The West Virginia native and country superstar said, "It might be the end -- unless you count the Houston Rodeo."
Paisley doesn't want to. No offense to Texas.
"They don't let you bring everything," he groaned. "You're kind of at the mercy of the horses and cows."
Paisley is proud of the tour. He thinks it might be the best production he's ever done. It's certainly one of the best-timed tours he's ever been part of.
It's been a miserable winter for much of the country, and Paisley is acutely aware it's been especially bad for the nine counties in his home state affected by the January chemical spill into the Elk River.
He's been following the story on TV. After it happened, he said he called people back home to ask what was going on.
"All of us felt completely helpless," he said. "It wasn't like when a tornado rolls through, and you sort of pitch in and try to help. It was, 'What are we supposed to do? It's the water supply.'
"What could any kind of celebrity do? We couldn't comfort anybody. It was a weird, weird thing."

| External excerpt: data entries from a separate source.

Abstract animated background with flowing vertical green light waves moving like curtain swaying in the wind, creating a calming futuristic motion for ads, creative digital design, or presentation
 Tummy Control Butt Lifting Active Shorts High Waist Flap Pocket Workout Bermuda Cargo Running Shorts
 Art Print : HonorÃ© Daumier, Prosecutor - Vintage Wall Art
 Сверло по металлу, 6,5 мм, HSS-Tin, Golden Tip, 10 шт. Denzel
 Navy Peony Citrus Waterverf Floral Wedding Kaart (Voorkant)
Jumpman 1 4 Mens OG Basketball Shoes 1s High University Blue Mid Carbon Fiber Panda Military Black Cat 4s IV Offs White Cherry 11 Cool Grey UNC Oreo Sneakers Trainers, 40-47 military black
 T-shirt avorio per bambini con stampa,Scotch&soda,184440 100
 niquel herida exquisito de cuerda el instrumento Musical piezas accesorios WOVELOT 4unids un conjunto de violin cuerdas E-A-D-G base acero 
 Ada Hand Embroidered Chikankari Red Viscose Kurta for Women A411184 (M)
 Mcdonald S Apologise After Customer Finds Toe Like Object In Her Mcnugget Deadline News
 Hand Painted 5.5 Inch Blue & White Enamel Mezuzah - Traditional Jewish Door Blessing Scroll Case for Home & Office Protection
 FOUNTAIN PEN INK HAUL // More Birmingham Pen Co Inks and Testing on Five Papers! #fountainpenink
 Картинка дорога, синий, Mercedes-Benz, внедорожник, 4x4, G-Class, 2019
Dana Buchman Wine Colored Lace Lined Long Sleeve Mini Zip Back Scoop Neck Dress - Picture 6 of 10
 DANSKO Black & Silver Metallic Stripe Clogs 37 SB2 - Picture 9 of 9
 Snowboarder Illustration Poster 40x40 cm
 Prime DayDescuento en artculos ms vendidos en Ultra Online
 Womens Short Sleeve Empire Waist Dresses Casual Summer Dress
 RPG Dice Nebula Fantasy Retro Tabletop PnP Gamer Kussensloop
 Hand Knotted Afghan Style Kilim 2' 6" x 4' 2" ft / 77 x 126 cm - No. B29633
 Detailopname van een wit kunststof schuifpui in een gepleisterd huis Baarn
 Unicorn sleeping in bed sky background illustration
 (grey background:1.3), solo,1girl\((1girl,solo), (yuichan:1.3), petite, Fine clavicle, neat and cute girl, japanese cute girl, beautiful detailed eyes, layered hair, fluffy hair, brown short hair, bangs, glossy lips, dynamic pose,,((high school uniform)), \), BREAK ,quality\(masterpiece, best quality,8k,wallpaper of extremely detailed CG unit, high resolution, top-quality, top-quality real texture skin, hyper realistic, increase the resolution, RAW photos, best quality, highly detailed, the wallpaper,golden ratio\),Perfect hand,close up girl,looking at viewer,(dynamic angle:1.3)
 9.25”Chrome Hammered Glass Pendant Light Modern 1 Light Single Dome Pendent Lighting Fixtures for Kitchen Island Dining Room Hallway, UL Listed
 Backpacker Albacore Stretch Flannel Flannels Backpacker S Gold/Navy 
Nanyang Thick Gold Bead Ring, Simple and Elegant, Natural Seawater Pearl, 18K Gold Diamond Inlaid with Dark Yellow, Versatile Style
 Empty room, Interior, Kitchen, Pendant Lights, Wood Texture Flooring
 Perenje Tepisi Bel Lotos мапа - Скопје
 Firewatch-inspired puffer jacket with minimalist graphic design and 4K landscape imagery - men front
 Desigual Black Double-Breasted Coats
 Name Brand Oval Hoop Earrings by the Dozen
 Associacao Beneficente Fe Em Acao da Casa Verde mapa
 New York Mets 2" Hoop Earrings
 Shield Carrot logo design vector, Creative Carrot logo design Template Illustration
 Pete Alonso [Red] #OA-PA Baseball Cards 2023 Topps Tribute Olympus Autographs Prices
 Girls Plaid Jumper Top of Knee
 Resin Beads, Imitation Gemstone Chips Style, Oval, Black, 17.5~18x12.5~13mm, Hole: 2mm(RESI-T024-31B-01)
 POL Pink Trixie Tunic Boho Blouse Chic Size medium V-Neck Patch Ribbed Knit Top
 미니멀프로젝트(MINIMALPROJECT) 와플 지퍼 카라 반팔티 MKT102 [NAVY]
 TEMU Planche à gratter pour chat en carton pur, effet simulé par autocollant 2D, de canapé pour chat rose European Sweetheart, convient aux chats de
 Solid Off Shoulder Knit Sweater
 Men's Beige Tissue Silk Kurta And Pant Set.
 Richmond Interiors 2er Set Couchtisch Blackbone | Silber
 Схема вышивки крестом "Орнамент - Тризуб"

So, Paisley watched, waited to see what happened and hoped the government did what it was supposed to: take care of the people.
Paisley believes things will get better. While it's not the same as living through a chemical spill, he was affected by the middle Tennessee flood four years ago.
That flood caused damage in 52 counties and killed 21 people. In Nashville alone, it caused an estimated $1.5 billion worth of property damage. Among other places, water flooded the Grand Ole Opry House, the Schermerhorn Symphony Center and SoundCheck Storage, where Paisley kept his touring equipment and many of his guitars.
Ironically, when the flood hit, Paisley had been preparing for his H20 tour.
"I look back on that year as one of the best years of my life in many ways," he said. "We're stronger than we were. The Opry is renovated. People came together.
"It became, let's figure out who got hit and let's help them. Let's make sure they have a place to sleep if they don't."